Having failed with do-it-yourself “newly acquired information,” plaintiffs also have a fallback position – that defendants had some sort of “testing” duty that obligated them to create newly acquired information that never existed at the time of the relevant submissions to the FDA.  That claim hasn’t received much judicial love either.  As one of our scorecards demonstrates, most states don’t recognize any independent testing duty in any circumstance.  Nor have newly acquired information-related arguments fared any better.  We’ll start with Bueno/Parker, which “additionally” addressed, and rejected, this argument.  “[A]sserting that a manufacturer could or should have done more studies − i.e., that a manufacturer should have created the ‘newly acquired information’ − is insufficient to avoid preemption under the CBE regulation.”  Bueno, 746 F. Supp.3d at 878 (citation and quotation marks omitted); see Parker, 2024 WL 3974764, at *13 (identical analysis).  Bueno/Parker quoted Holley v. Gilead Sciences, Inc., 2023 WL 6390598, at *8 (N.D. Cal. Sept. 28, 2023).

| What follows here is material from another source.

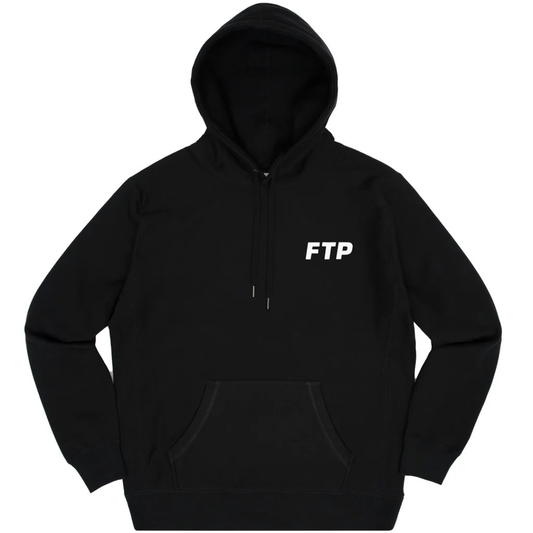 FTP Flocked Logo Pullover (Black)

Gayle v. Pfizer, Inc., 452 F. Supp.3d 78 (S.D.N.Y. 2020), aff’d, 847 F. App’x 79 (2d Cir. 2021), was emphatic in rejecting such an unprecedented extension of the already discredited duty to test to preemption:

Plaintiffs also argue that [defendant] could have analyzed the adverse event reports and that [its] alleged failure to do that amounts to “newly acquired evidence”. . . .  This argument is also unavailing.  To shift the burden to [defendant], Plaintiffs must demonstrate the existence of “newly acquired information.”  Plaintiffs’ attempt to shift the burden to [defendant] upends the framework [for considering such evidence].  Under Plaintiffs’ theory, any litigant could circumvent [preemption] by merely alleging that a manufacturer should have created the “newly acquired information.”

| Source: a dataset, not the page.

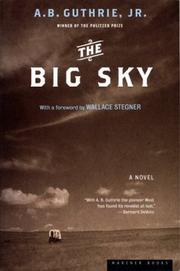 BIG SKY. Cover Image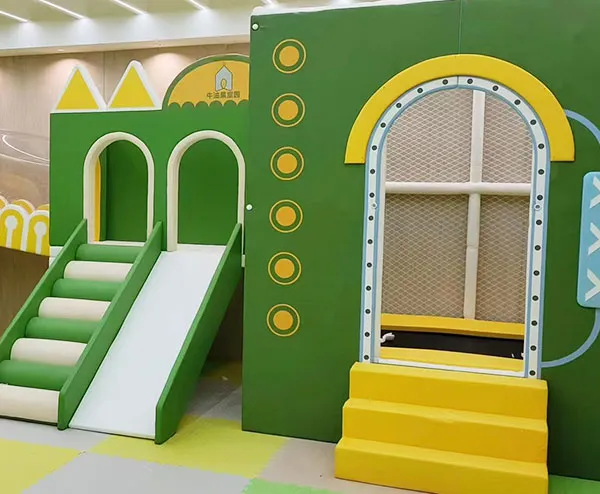 Soft Climbing Play Set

Id. at 88.  For additional precedent for rejecting any affirmative duty to test in the preemption context, seeDickson v. Dexcom, Inc., 2024 WL 4291511, at *4 (W.D. La. Sept. 25, 2024) (“Likewise, it is insufficient to assert that a manufacturer ‘could have or should have done more studies’ to create such ‘newly acquired information.’”); R.S.B., 2022 WL 3927868, at *4 (E.D. Wis. Aug. 31, 2022) (“Plaintiffs attempt to shift the burden to [defendant]by arguing that it could have undertaken the same analysis that [their expert] did, . . . [b]ut this burden-shifting argument ‘upends’ the preemption framework laid out by the various Courts of Appeal and would allow litigants to circumvent it”).

These decisions make good sense.  There’s a reason why the FDA’s CBE regulations exist – to provide an avenue to address different and emergent risks ASAP.  This purpose is not served by after-the-fact, litigation-inspired junk science, or by demanding “more studies” in the absence any known reason for conducting them.